Record Companies Sued Over Charley Pride CD
DevNova writes: "This posting describes a woman in California suing Fahrenheit Entertainment, Inc. and its label Music City Records over CDs she has purchased which use a proprietary music encoding scheme that prevents them from being listened to without the user identifying themselves. These CDs won't play on standard CD players, are not encoded in the popular MP3 format, and will not play on a computer until the user enters personal information. A large part of the suit is that Fahrenheit discloses none of this information on the packaging."
There is definitly no way that any company should be able to collect information about a person that has purchased their CD. If this was a promotional CD I could see the point but if you purchase something it becomes yours (and you are free to do w/it whatever you wish) you paid a fee to give you rights. They are invading your privacy.
The fact that they are hiding this from view is an obvious attempt at actually selling the CDs.

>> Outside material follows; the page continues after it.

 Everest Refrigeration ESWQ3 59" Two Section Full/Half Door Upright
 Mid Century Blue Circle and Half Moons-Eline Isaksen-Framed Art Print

No one is going to buy the god damn things b/c of this crap. Hell, I hate to shop at Radio Shack b/c of the fact that they ask for my private information and seem to feel it is their god given right to have it. (No, I will NOT give them any of my info even if I purchase my items w/a CC -- this usually really irritates the clerk -- the information they need is how much the item costs, how much I paid, and that's it)
I am sick and tired of this crap. If I don't want to be known I don't have to be. Once you buy something you own it. That's it. Their ownership of the item stops when money exchanges hands.
Fuck that.
not the point. It would be like having a DVD not work just b/c you are playing it in a PS2. Before this year I *rarely* used my stereo (I had nothing more than a shitty old boom-box) and I *always* used my computer to play my music CDs.
This is my right as a consumer to use whatever device I want. Doesn't matter if I can use this device to copy it (remember? I own the CD)
Tough noogies.
I'm worried that all the recording companies will do is add in the fine print at the bottom of the back side cover that says something like "This CD is protected by the use of the FairUseSucks System and may not play on computers without entering personal information. Please visit www.weownj00.com for our privacy policy; opening of this package indicates your agreement to this policy". Bingo, they have just gotten out of a lawsuit.
At this point, one would then need to envoke the infamous time-shifting case to fight back for fair use.
"Pinky, you've left the lens cap of your mind on again." - P&TB
"I can see my house from here!" - ST:
Day One
"Hi, I bought this CD yesterday but cannot get it to play on my PC at home. The other CD I bought yesterday plays fine, so this must be defective. Can I get a replacement?"
Day Two
"Hi, I got this replacement for a CD that wouldn't play on my PC yesterday and this one seems bad, too. Might be a bad production run of CD's. Can I try another?"
Rinse well, repeat as necessary until all CD's of that recording are sent back to label marked "defective".
Really?
Think of this: if you went to the record store and told them that you dropped and broke your CD, here are the pieces and the receipts, and could they please replace it - do you think they'd give you a new CD? Or would they laugh you out of the store? Suddenly, it looks like you bought something physical after all, and not the license to listen to the music on the CD, doesn't it...?
"I will take the Ring," he said, "though I do not know the way."